Free weights can include everything from dumbbells and kettlebells to barbells, pretty much anything you can pick up and hold. What makes them unique is that they make your own body work against gravity when you pick up the free weight.
According to Phil Timmons, a program manager at Blink Fitness, “Machines typically take your body through the range of motion—from the starting point through to the end point, a machine will take you through the same line of motion with each and every repetition”.
Benefits of Free Weights
One advantage to free weights is that they can make you work numerous muscles at a time, including lots of tiny muscles without you realizing it. Take for example Kettlebell Swings, they “work the muscles in the hips, glutes, hamstrings, lats, abs, shoulders, pecs and grip” says Tracy Reifkind, a certified Russian Kettlebell instructor. Free weights are also more functional than using machines. For instance, movements such as deadlifts could help you when you are moving to a new house, because if you are good at a deadlift, you will be great a moving a couch and bicep curls will help you with picking up grocery bags.
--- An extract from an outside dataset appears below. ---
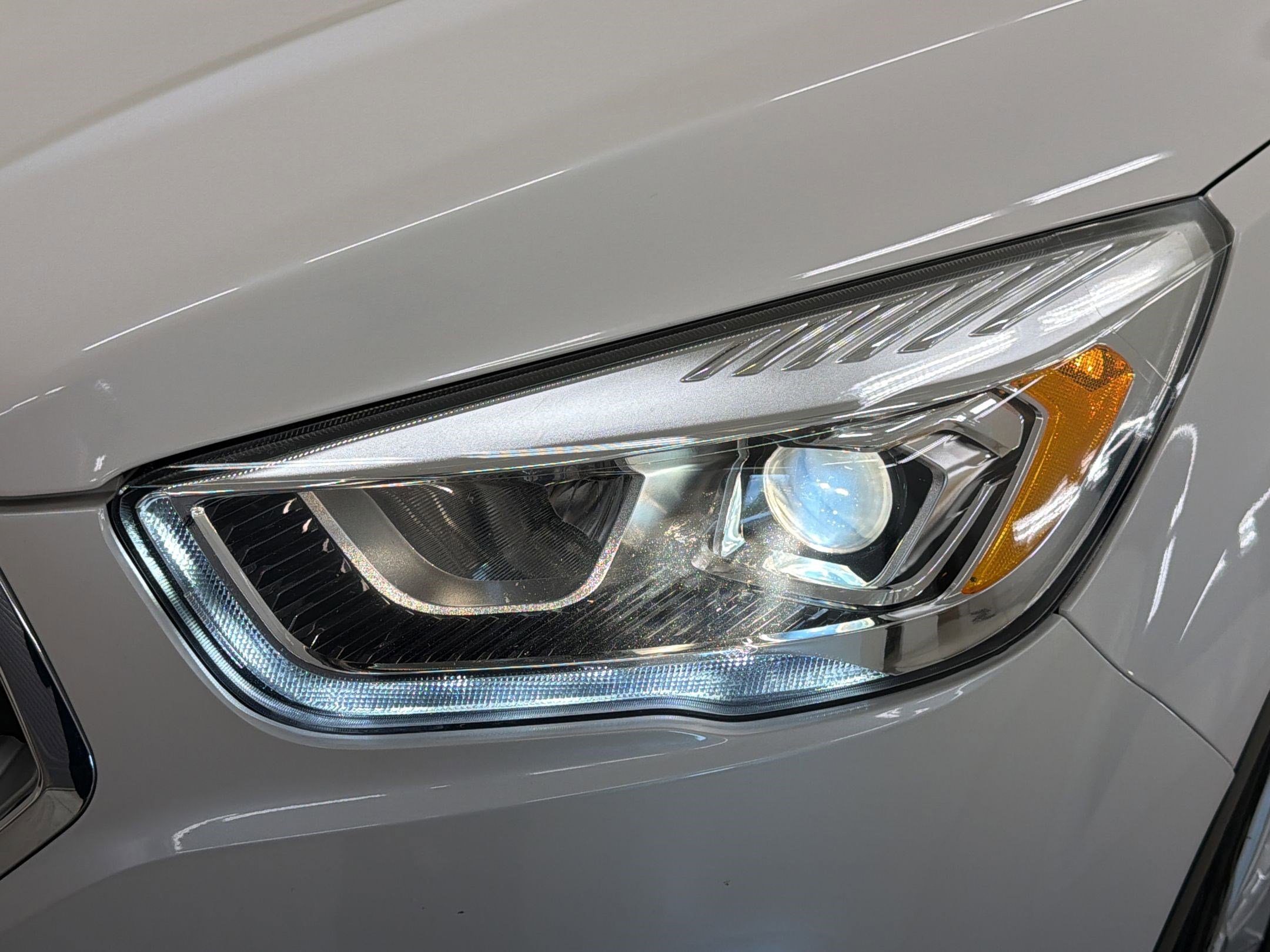 Certified 2018 Ford Escape SEL FWD image 21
Disadvantages of Free Weights
Although, free weights provide people with great results, you must consider the risks and disadvantages from using them. For example, you may run the risk of serious injury if you drop your free weight tools. Before you start using free weights, it is recommended to do research prior to any exercise. Not knowing the proper technique and form could make it difficult to effectively isolate the exact muscles you are targeting or worse, can result in major injury.
Benefits of Machines
Once you know how to effectively use machines with the correct form, you will find many benefits. For example, Machines provide you with stabilization which make it easier for you to focus on your weight training without worrying about maintaining your balance. “They don’t require as much coordination and balance as free weights” say researchers from The Arizona College of Agriculture and Life Sciences. They assist with control of movement, reducing the risk of injury”, meaning there is less risk of injury making resistant machines safer for those who use heavier weights and new users.
Disadvantages of Machines
If you do choose to use machines as part of your weight training, you must be sure to lift based on your own current ability and level strength, otherwise you may run the risk of major injury on your joints. You must also know how to adjust the machines according to your height and body size. Another disadvantage worth mentioning is the cost. Unless you have your own home gym, you would have to pay for a gym membership to get access to the resistance machines.
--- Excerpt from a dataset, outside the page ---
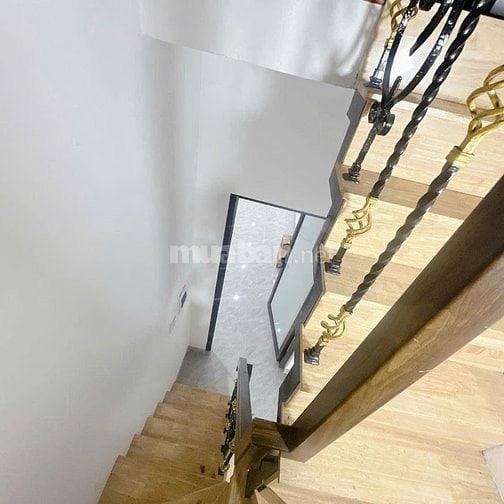 Cách 1 Nhà RA PHỐ CHÙA BỘC 4 Tầng 40m 12 tỷ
As we are all under strict social distancing guidance, some professional sportspeople do have the luxury of having a gym in their home. However, it appears that the quarantine is having a psychological effect on some of the English Premier League football players. Speaking this month to Betway Sports, Richard Collinge, who is the Head of Medical Services at West Ham United in East London, said: “There are different aspects to it, the science behind it all is now a major guide as to objectively clearing a player to return to training and then to return to a match, but the player has to also be psychologically ready.” He continues, “those two things have to match, otherwise that player is not going to be ready to play.” Therefore, the psychological barrier plays a pivotal part in a person’s ability to challenge themselves physically be it with Free weights or Machines.
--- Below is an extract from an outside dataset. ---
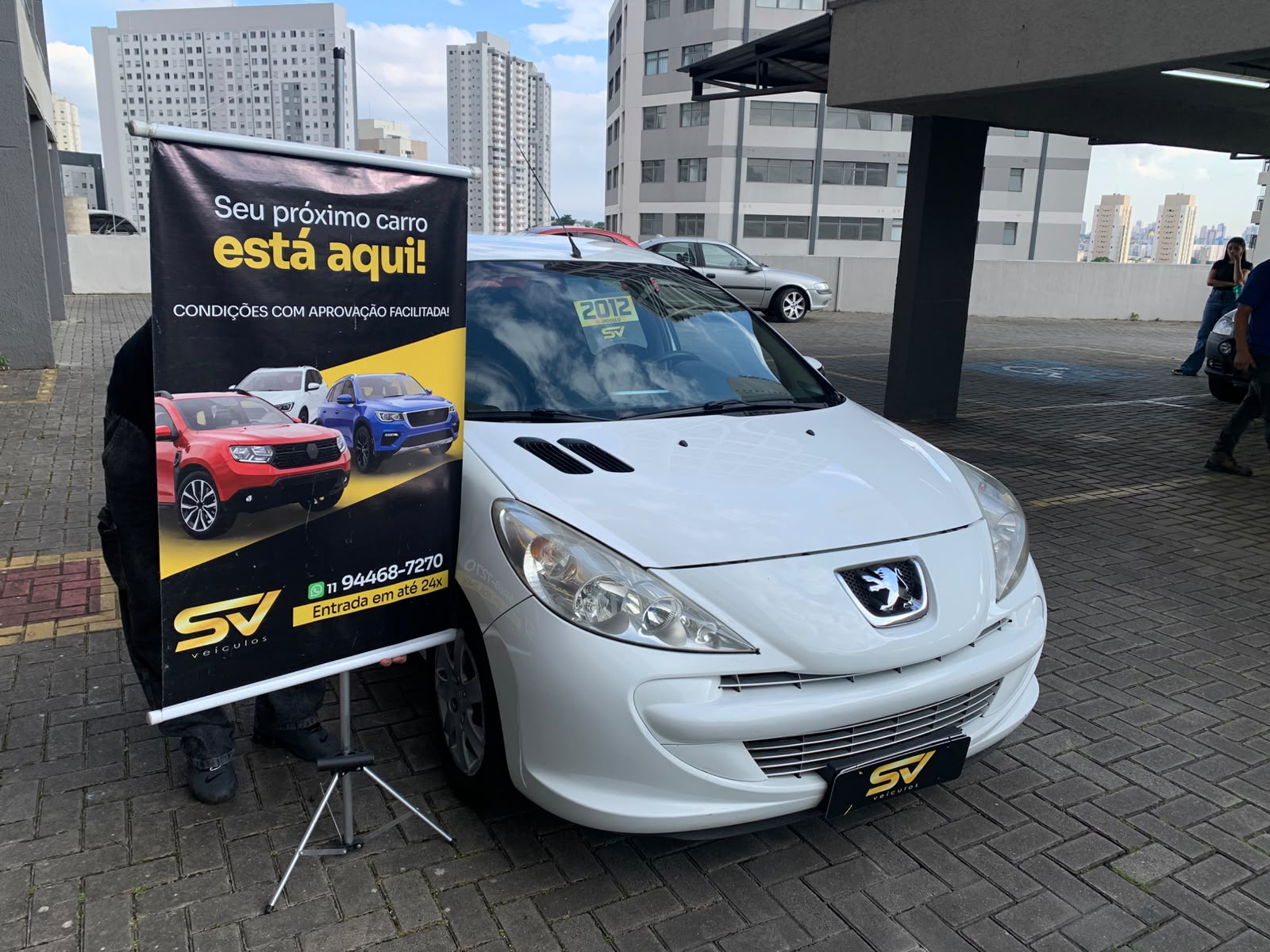 PEUGEOT 207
As long as you exercise with the proper form and strength level your weight training experience will be smooth and at times effortless. Ideally, you will be training with both free weights and machines. However, if that is not likely, then it is possible to develop well rounded programmes with either free weights of resistant machines. Remember to increase or decrease your weight slowly to ensure safety. What matters most is that you chose a program that fits your lifestyle and goal as well as your likeliness to stick to it.